The unaudited pro forma combined financial information has been derived from the Company’s historical consolidated and combined financial statements. The unaudited pro forma combined balance sheet as of March 31, 2017 gives effect to the Acquisition as if it had been completed on March 31, 2017. The unaudited pro forma combined statements of operations for the three months ended March 31, 2017 and the year ended December 31, 2016 each give effect to the Acquisition as if it had been completed on January 1, 2016. The unaudited pro forma combined statement of operations for the year ended December 31, 2016 also gives effect to the Burleson North Acquisition as if it had been completed on January 1, 2016.

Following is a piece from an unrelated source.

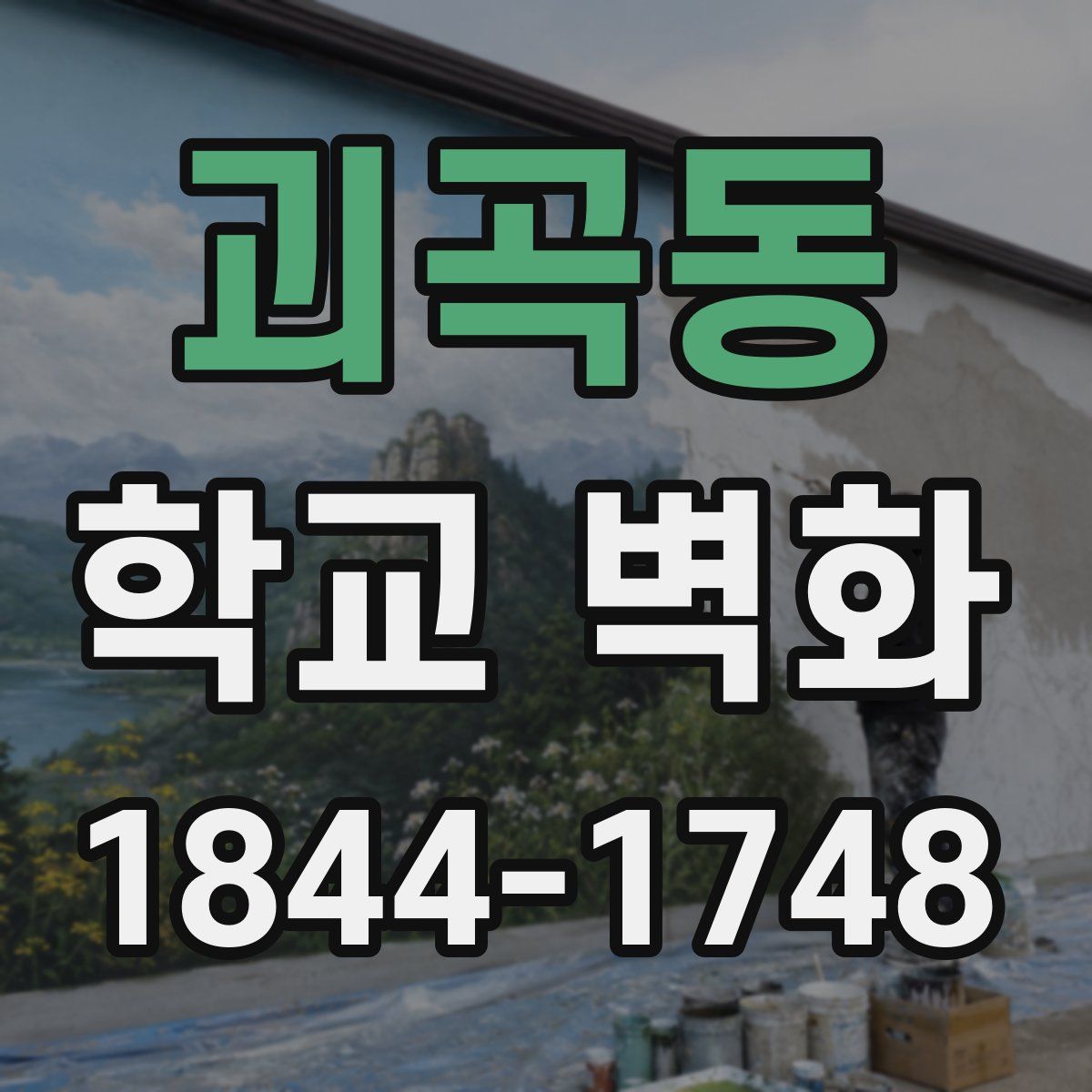괴곡동 학교 벽화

The unaudited pro forma combined financial statements reflect pro forma adjustments that are described in Note 3 below and are based on available and certain assumptions that the Company believes are reasonable. However, actual results may differ from those reflected in these statements. In our opinion, all adjustments that are necessary to present fairly the pro forma information have been made. The following unaudited pro forma combined statements do not purport to represent what the financial position or results of operations would have been if the transaction had actually occurred on the dates indicated above, nor are they indicative of our future financial position or results of operations. These unaudited pro forma combined financial statements should be read in conjunction with the historical financial statements and our related notes for the periods presented.

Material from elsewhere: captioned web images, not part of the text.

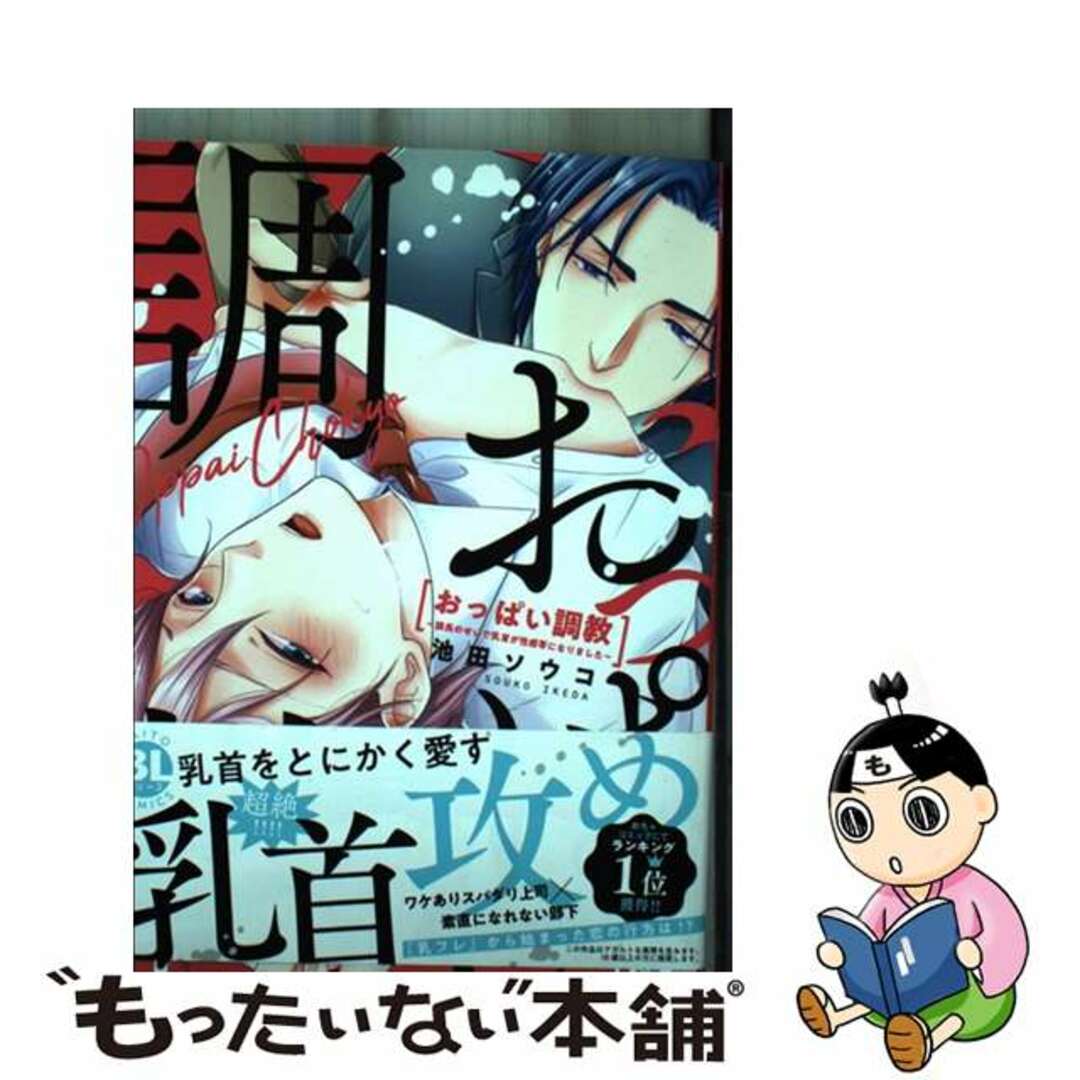 そんなのダメ…♡男が“口以外”にキスをしたいと思っている場所 | MOREDOOR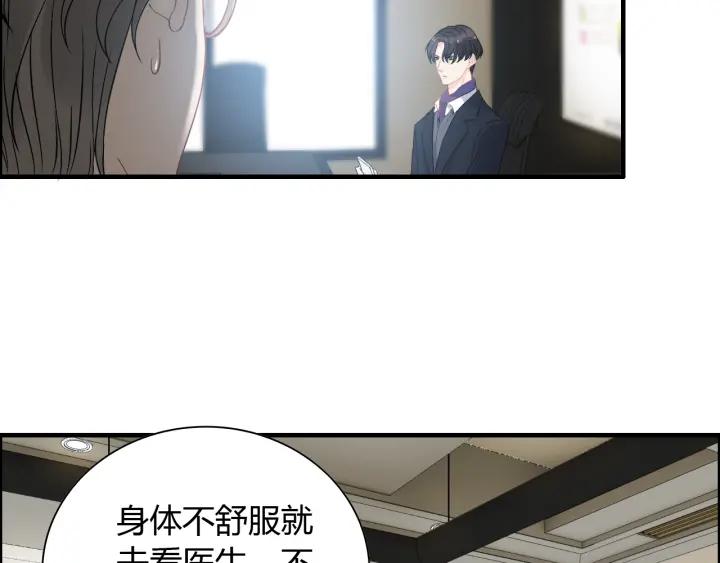 《闪婚总裁契约妻》漫画最新章节第107话 和总裁抢红包！免费下拉式在线观看章节第【84】张图片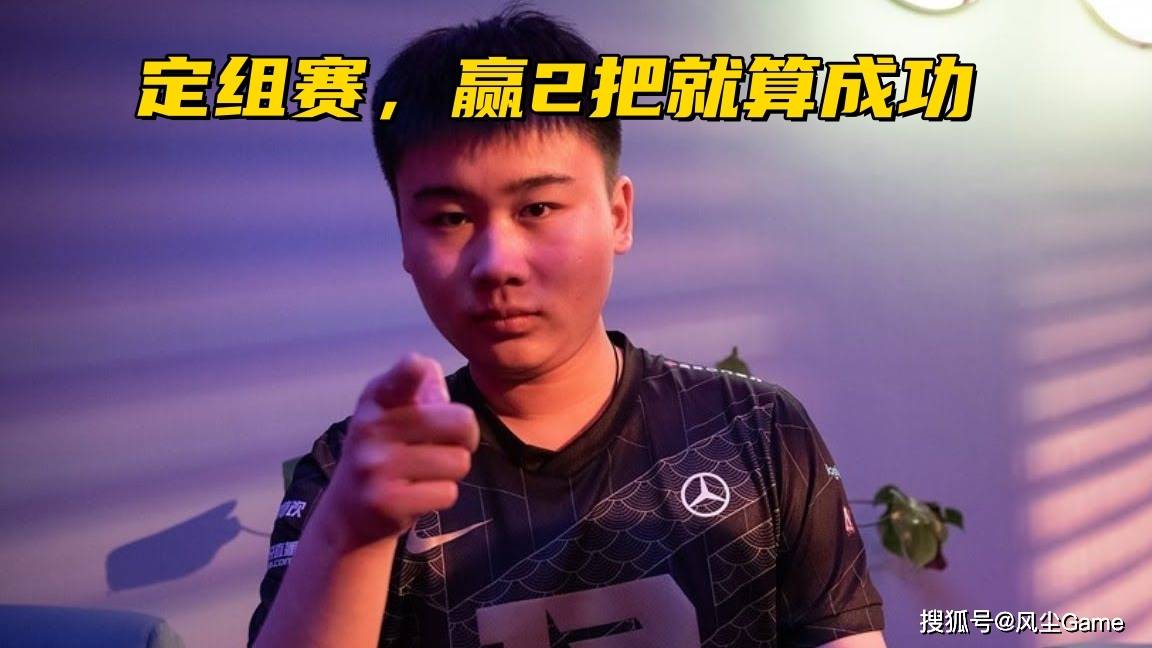 华体会体育-EG翻盘RNG,Knight拿下关键大龙半决赛2:1(洛杉矶)的简单介绍 第1张 华体会体育-EG翻盘RNG,Knight拿下关键大龙半决赛2:1(洛杉矶)的简单介绍 第1张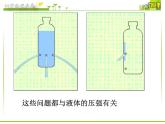 沪科版八年级全册 物理 课件 8.2科学探究：液体的压强4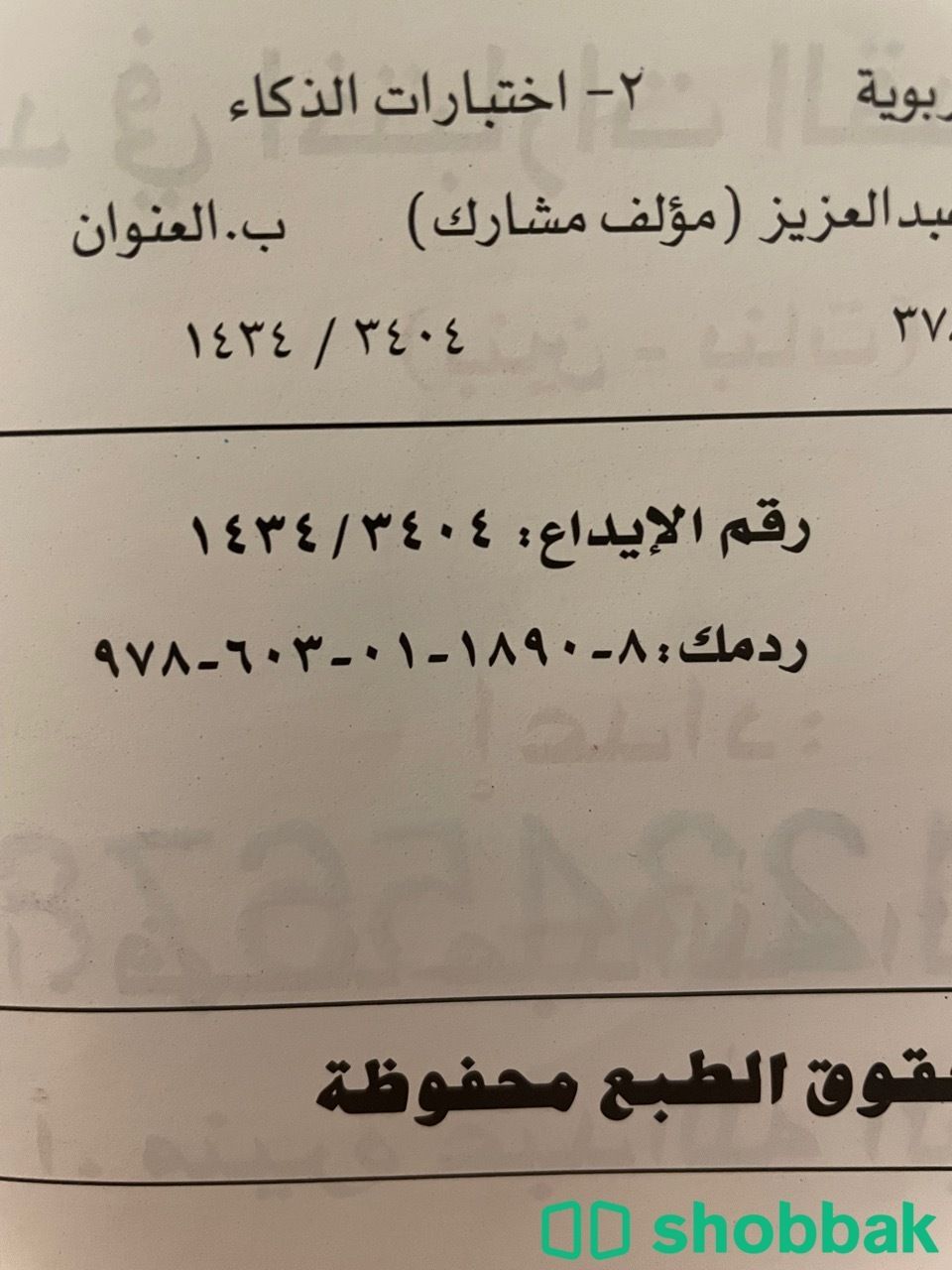 كتاب قدرات 1434 مستعمل نظيف شباك السعودية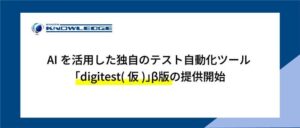 AIを活用した独自のテスト自動化ツール「digitest（仮）」β版の提供開始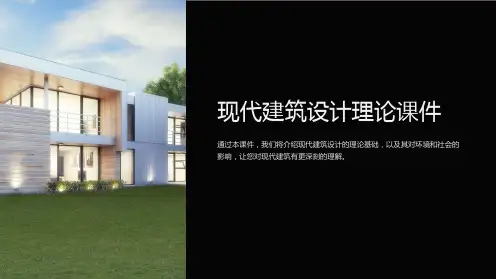 “现代建筑设计理论课件”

Note 2. Preliminary Purchase Price Allocation
We account for third-party acquisitions, including the Acquisition, under the acquisition method. The assets acquired and the liabilities assumed in the Acquisition have been measured at fair value based on various estimates. These estimates are based on key assumptions related to the business combination, including reviews of publicly disclosed information for other acquisitions in the industry, historical experience of the companies, data that was available through the public domain and due diligence reviews of the acquiree businesses. Acquisition-related transaction costs and acquisition-related restructuring charges are not included as components of consideration transferred but are accounted for as expenses in the period in which the costs are incurred.
| | | | | | | | | | | | |
| | APC Acquisition | | | KKR Acquisition | | | Total | |
Consideration: | | | | | | | | | | | | |
Cash | | $ | 533,610 | | | $ | — | | | $ | 533,610 | |
Common stock | | | — | | | | 60,754 | | | | 60,754 | |
| | | | | | | | | | | | |
Total consideration | | $ | 533,610 | | | $ | 60,754 | | | $ | 594,364 | |
| | | | | | | | | | | | |
Proved oil and gas properties | | $ | 414,317 | | | $ | 48,918 | | | $ | 463,235 | |
Unproved oil and gas properties | | | 123,133 | | | | 12,016 | | | | 135,149 | |
Asset retirement obligations | | | (2,905 | ) | | | (180 | ) | | | (3,085 | ) |
Accrued liabilities | | | (935 | ) | | | — | | | | (935 | ) |
| | | | | | | | | | | | |
Total identifiable net assets | | $ | 533,610 | | | $ | 60,754 | | | $ | 594,364 | |
| | | | | | | | | | | | |
The allocation of the preliminary purchase price to the fair values of assets acquired and liabilities assumed includes pro forma adjustments to reflect the fair values of the Acquisition’s assets and liabilities at the time of the completion of the Acquisition. The final allocation of the purchase price could differ materially from the preliminary allocation. As such, we expect to finalize the allocation of the purchase price as soon as practicable.
F-7
WILDHORSE RESOURCE DEVELOPMENT CORPORATION
NOTES TO UNAUDITED PRO FORMA COMBINED FINANCIAL STATEMENTS
Note 3. Pro Forma Adjustments and Assumptions
The following pro forma adjustments have been applied to the Company’s historical combined financial statements to depict the Company’s combined balance sheet as if the Acquisition had occurred on March 31, 2017 and combined statements of operations as if the Burleson North Acquisition and the Acquisition had occurred on January 1, 2016. The pro forma adjustments were based on then-available information and assumptions that management believed to be appropriate in the circumstances.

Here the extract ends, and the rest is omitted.